Despite beating expectations and winning the presidency, Election Day brought Trump a few unwanted records in the history books
Due in large part to winning the expectations game, the 2016 election cycle was considered a big success for the Republican Party, despite losing seats in both legislative chambers as well as the national popular vote in the presidential race.
But even as Democrats fell well short of the mark across many key battleground states – and continued the party’s historic tumble in a handful of others – Donald Trump did turn in a few historically poor performances along the way.
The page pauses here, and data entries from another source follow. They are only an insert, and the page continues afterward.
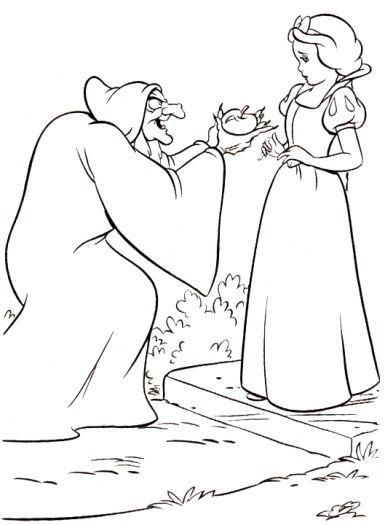 A Armadilha da Maçã: Branca de Neve e a Bruxa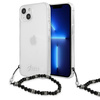 Guess GUHCP13SKPSBK iPhone 13 mini 5,4"Transparent hardcase Black Pearl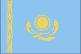 Flag of Kazajistán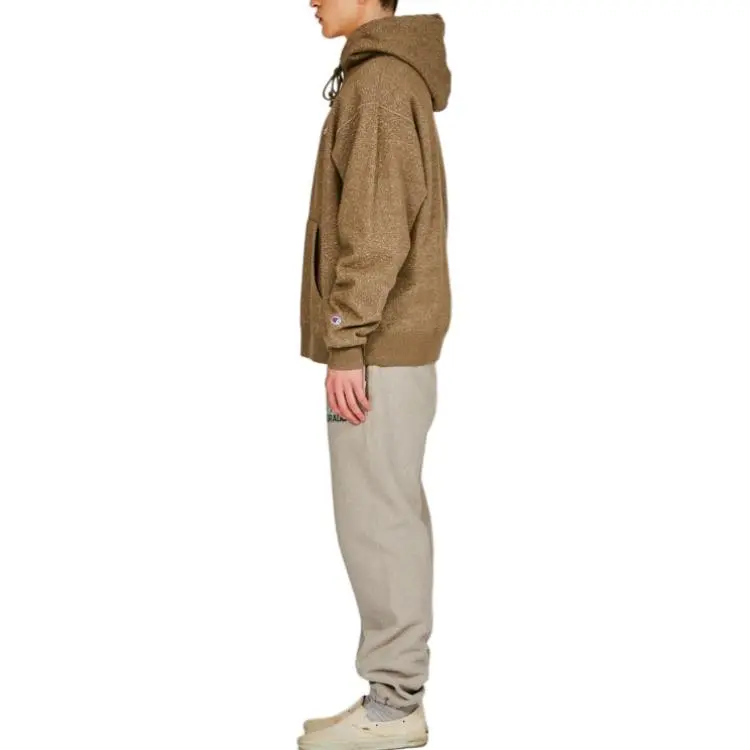 Champion FW24 Sweatshirt Men's Olive Brown-1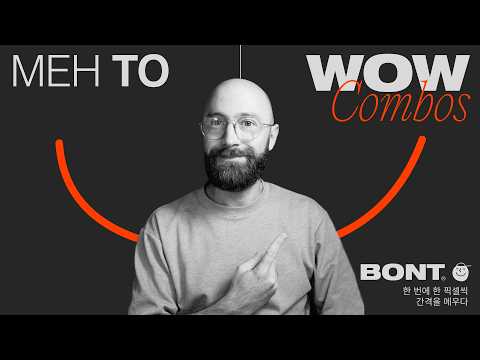 How to pair typefaces in Web Design like a pro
In Vermont, Trump won just 30.27 percent of the vote – the lowest support ever recorded by a Republican presidential candidate in the Green Mountain State since its first presidential nominee 41 cycles ago in 1856.
Prior to Trump, the previous worst showing by a Republican nominee was John McCain’s 30.45 percent in 2008 against Barack Obama.
Now a liberal stronghold (with 5.8 percent of voters writing-in favorite son Bernie Sanders for president in November), Vermont holds the all-time presidential winning streak by either party with 27 consecutive GOP victories from 1856 through 1960.
While Trump narrowly broke McCain’s record in Vermont, he set a new mark even more convincingly in the District of Columbia.
The New York businessman received only 4.09 percent of the vote – the worst showing ever for a Republican in the Democratic-dominated District across the 14 election cycles since its first presidential vote in 1964.
Trump broke the party’s previous record low of 6.63 percent also set by McCain in 2008.
Republicans have never won even a quarter of the vote in D.C., peaking at 21.6 percent in 1972 during Richard Nixon’s landslide victory.
The 2016 cycle also gave Trump the distinction of suffering the worst home state loss of any victorious presidential candidate in U.S. history.
Trump lost New York by 22.5 points to Hillary Clinton (one of her three ‘home states’ along with Illinois and Arkansas).
Only two other winning presidential nominees lost their home state: Democrat James Polk was defeated in Tennessee by Whig Henry Clay by 0.1 point in 1844 and Democratic President Woodrow Wilson lost New Jersey to Republican Charles Hughes by 11.7 points in 1916.